A cautionary tale on thread locals, pooling and reflection

Most non-trivial Java applications use thread pools to improve performance by avoiding thread creation and optionally by limiting the maximum numbers of threads in use.

The end goal is for each task to execute in a dedicated thread, without it being aware that the thread is not a fresh one, but was used before. Starting with Java 5 the Java runtime libraries offer a wealth of options for creating thread pools in the java.util.concurrent package.

So far, all is well – we have a simple, robust way of adding thread pooling to our application. That is, unless we are running code which is out of our control and is misbehaving. One kind of particularly subtle misbehaviour is using ThreadLocal storage and never cleaning that up. If you’re not familiar with thread-local storage in Java, this kind of access allows each thread to store its own value for a certain variable. The example below comes straight from the javadoc.

import java.util.concurrent.atomic.AtomicInteger;

public class ThreadId {
  // Atomic integer containing the next thread ID to be assigned
  private static final AtomicInteger nextId = new AtomicInteger(0);

  // Thread local variable containing each thread's ID
  private static final ThreadLocal threadId =
    new ThreadLocal() {
      @Override protected Integer initialValue() {
        return nextId.getAndIncrement();
      }
    };

  // Returns the current thread's unique ID, assigning it if necessary
  public static int get() {
    return threadId.get();
   }
 }

This kind of usage is fine when working on new threads each time, but when threads are reused as part of a thread pool, all thread local storage must be cleaned up. Failing to do so has the potential to trigger hard-to-find memory leaks. A quick google search on thread local memory leak brings up enough examples to make us wary of leaving dangling ThreadLocal instances behind.

For application code, it’s critical to use ThreadLocal#remove when a value is no longer needed, to make sure there are no leaks.

For infrastructure code providing the thread pool, an added safety is the ability to warn and recover from misbehaving application behaviour.

Apache Tomcat does so by logging warnings when applications leave behind ThreadLocal values, and extensively document it via their MemoryLeakProtection wiki page .

In Apache Sling, as web application framework, we aim to be as robust as possible by preventing any memory leaks due to leftover thread-local storage. To that end, we recycled threads by throwing an exception in the thread pool’s afterExecute method when the thread was too old.  You can see the details in our ThreadExpiringThreadPool, but the gist of it is

public class ExpiringThreadPool extends ThreadPoolExecutor {
  @Override
  protected void afterExecute(Runnable r, Throwable t) {
    super.afterExecute(r, t);
    if ( isExpired(t) ) {
      throw new RuntimeException("Expired");
    }
  }
}

There are some tricks that you can use to make sure the exception is not logged, but the details are in the Sling code linked above.

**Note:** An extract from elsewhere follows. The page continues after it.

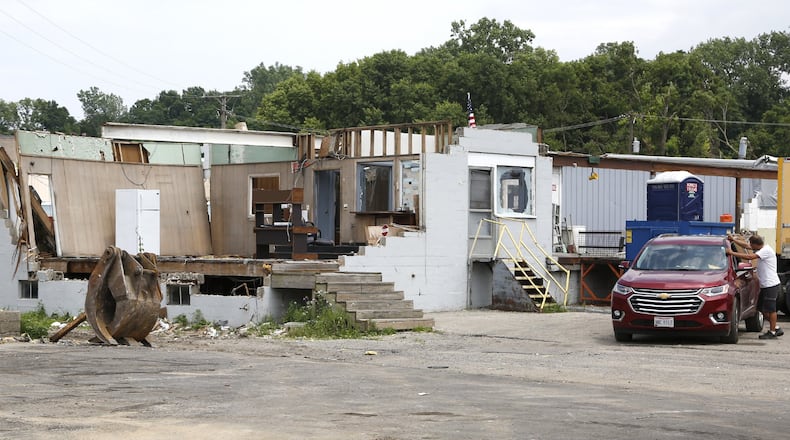 King’s Transfer owner Dan King ran his trucking business from his SUV after the Memorial Day tornado ripped through his business on San Jose Avenue in Dayton. Many of King’s vehicles were damaged. TY GREENLEES / STAFF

However, we found this to not be good enough. The reasons are two:

  1. By throwing away threads we partially negate the performance advantages of thread pools
  2. It made debugging hard as the Eclipse debugger halted whenever such an exception was thrown

So we set out to finder a better way of ensuring thread-local storage is cleaned up between threads. We found some ideas on the JavaSpecialists article on cleaning thread locals , which presented a reflection-based solution. The article shows how you can access the references stores in a ThreadLocalMap and save/restore then whenever a taks starts and ends execution. This way, each starting task gets a fresh set of values and also preserves the values it received when being created. A simplified version of the code is

public class CleaningThreadPool extends ThreadPoolExecutor {

  @Override
  protected void beforeExecute(Thread t, Runnable r) {
    super.beforeExecute(t, r);

    Object threadLocals = threadLocalsField.get(t);
    if (threadLocals == null)
      return null;
    Reference[] table = (Reference[]) tableField.get(threadLocals);
    save(t, table);
  }

  @Override
  protected void afterExecute(Runnable r, Throwable t) {

    Reference[] table = load(Thread.currentThread());
    tableField.set(threadLocalsField.get(t), table);

    super.afterExecute(r, t);
  }
}

We pushed this code but discovered that under certain conditions application threads would lock, with a very implausible stack trace:

"pool-1-thread-1" prio=10 tid=0x00007f47f4374800 nid=0xb19 runnable [0x00007f47e734e000]
 java.lang.Thread.State: RUNNABLE
   at java.lang.ThreadLocal$ThreadLocalMap.set(ThreadLocal.java:429)
   at java.lang.ThreadLocal$ThreadLocalMap.access$100(ThreadLocal.java:261)
   at java.lang.ThreadLocal.set(ThreadLocal.java:183)
   at org.apache.sling.commons.threads.impl.ThreadPoolExecutorCleaningThreadLocalsTest$RunnableImplementation.run(ThreadPoolExecutorCleaningThreadLocalsTest.java:100)
   at java.util.concurrent.Executors$RunnableAdapter.call(Executors.java:471)
   at java.util.concurrent.FutureTask.run(FutureTask.java:262)
   at java.util.concurrent.ThreadPoolExecutor.runWorker(ThreadPoolExecutor.java:1145)
   at java.util.concurrent.ThreadPoolExecutor$Worker.run(ThreadPoolExecutor.java:615)
   at java.lang.Thread.run(Thread.java:745)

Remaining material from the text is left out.